In 79 CE, Pliny the Younger, seventeen years old at the time, watched Mount Vesuvius erupt from the safety of his home at the opposite end of the Bay of Naples.
“I cannot give you a more exact description,” he wrote in a letter to the historian Tacitus, “than by likening it to that of a pine-tree, for it shot up to a great height in the form of a very tall trunk, which spread itself out at the top into a sort of branches.”
Pliny’s letter is the only surviving eyewitness account of the volcanic event that engulfed the Roman town of Herculaneum in waves of gas and rock, permanently suspending its citizens, markets, streets, and homes in place. A library, too, was sealed in the volcanic ash.
Excavations at Herculaneum in the 1750s uncovered a villa, which might have belonged to Julius Caesar’s father-in-law. It contained 1,800 papyrus scrolls.
With only a small portion of the ancient world’s written output surviving into the modern era, scholars were giddy about the chance to read and study previously unknown texts and manuscripts lost to time. But the hot gases and more than eighty feet of volcanic rock of Vesuvius had sucked the moisture out of the papyrus, compacting the pages and turning the scrolls into cylinders of carbon.
For more than two centuries, scholars have tried in various ways to open and read these carbonized scrolls, yielding only tantalizing glimpses of philosophical and literary texts. Attempts to separate the compacted layers damaged some of the the scrolls.

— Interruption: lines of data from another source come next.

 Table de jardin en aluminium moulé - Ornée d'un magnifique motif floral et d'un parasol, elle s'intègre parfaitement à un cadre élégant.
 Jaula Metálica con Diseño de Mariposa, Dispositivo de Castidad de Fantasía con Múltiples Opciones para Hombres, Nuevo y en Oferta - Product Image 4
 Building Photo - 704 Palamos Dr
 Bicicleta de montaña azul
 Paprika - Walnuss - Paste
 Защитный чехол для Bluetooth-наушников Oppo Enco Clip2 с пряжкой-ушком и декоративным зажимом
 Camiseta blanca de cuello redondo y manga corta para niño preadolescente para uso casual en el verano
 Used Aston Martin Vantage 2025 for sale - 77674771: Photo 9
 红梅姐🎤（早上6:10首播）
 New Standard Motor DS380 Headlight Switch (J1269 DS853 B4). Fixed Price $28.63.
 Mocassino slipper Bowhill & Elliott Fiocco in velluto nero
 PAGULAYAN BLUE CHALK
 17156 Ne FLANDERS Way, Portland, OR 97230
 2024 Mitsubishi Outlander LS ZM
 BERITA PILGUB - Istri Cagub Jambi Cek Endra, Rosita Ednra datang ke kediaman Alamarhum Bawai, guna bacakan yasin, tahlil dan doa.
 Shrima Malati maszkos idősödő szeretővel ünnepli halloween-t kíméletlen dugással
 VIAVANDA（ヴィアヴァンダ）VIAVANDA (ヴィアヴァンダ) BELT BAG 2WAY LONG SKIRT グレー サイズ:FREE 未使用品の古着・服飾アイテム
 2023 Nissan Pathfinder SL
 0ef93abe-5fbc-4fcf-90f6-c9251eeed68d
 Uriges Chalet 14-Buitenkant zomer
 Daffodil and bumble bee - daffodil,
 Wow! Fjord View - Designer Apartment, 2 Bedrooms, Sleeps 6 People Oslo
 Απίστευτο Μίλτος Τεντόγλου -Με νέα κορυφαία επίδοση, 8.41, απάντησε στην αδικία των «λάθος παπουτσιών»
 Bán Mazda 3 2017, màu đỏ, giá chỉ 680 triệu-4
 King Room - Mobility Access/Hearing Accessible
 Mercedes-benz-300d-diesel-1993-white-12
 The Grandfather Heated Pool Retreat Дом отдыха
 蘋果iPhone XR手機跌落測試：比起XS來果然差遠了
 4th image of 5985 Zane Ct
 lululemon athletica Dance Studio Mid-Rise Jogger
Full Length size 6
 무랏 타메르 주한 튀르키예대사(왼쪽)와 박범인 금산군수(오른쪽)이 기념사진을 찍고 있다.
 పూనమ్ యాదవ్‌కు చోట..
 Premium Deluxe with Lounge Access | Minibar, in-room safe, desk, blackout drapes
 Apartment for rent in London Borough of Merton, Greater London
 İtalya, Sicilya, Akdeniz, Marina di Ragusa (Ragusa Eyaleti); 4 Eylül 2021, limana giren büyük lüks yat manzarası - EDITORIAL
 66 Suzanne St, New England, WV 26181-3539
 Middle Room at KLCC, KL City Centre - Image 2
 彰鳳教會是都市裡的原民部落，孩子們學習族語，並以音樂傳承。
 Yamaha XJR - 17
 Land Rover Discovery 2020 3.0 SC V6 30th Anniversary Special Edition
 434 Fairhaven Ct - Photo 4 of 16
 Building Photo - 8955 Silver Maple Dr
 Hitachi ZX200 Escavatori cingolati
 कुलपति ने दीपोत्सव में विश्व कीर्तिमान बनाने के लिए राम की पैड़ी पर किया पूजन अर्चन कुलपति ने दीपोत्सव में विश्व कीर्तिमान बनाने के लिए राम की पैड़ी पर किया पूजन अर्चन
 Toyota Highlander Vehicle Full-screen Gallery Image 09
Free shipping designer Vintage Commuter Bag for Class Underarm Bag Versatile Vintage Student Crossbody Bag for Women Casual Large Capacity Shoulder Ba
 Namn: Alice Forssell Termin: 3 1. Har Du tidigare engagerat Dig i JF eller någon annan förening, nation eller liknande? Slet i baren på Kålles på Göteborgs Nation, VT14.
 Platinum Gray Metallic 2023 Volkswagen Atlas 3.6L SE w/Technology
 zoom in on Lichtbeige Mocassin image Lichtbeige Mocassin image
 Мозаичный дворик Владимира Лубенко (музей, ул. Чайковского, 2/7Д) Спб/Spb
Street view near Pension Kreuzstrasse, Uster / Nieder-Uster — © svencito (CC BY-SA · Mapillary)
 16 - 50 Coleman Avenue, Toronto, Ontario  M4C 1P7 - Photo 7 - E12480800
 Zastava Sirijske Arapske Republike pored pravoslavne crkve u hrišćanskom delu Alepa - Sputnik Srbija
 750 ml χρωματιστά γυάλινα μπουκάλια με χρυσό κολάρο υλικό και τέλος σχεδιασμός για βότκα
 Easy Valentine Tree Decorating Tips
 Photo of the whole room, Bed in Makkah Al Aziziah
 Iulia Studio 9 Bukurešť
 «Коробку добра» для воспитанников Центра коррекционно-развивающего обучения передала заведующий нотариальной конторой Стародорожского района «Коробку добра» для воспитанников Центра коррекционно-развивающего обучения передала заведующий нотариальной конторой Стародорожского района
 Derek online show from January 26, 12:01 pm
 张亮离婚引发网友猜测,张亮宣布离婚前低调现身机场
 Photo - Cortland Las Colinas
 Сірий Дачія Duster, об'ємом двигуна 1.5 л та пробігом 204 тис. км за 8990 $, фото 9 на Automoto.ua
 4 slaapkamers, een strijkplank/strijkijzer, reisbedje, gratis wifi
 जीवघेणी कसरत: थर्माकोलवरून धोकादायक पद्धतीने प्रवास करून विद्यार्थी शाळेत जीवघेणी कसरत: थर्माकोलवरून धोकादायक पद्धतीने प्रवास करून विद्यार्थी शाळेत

Hundreds more remain unread, too fragile to handle.
The mysteries of the scrolls won’t remain locked for much longer if Brent Seales, a professor of computer science at the University of Kentucky, has his way. With support from NEH, Seales and his team of classicists, curators, and linguists are using CT scans paired with virtual unwrapping software and machine-learning tools to see inside the scrolls without damaging them. This method allows Seales’s team to differentiate between the compacted layers of the scrolls and make the text discernible—no easy feat when the ink itself contains traces of carbon.
The end result will be digital-born versions of the scrolls that scholars can study. The open-source software developed by Seales will also be available to other scholars working on damaged manuscripts.
Seales’s journey into the world of manuscripts began in 1995, when he was asked to work on the only extant copy of Beowulf, which had been damaged by fire. Using spectral imaging, Seales and his team were able to make the charred text visible. In 2015, Seales used his “virtual unwrapping” technique to read a burned scroll found in En Gedi, Israel. The recovered text was identified as a two-thousand-year-old copy of the Book of Leviticus in Hebrew, a landmark discovery in biblical archaeology. Seales’s work on the Herculaneum scrolls builds on these earlier projects, while also pioneering new technical and methodological approaches.
Seales regards unlocking the Herculaneum scrolls as the “moonshot” of his career. “It will be hard for me not to be enthusiastic about it until either we’ve done it or have shown it is impossible,” he has said.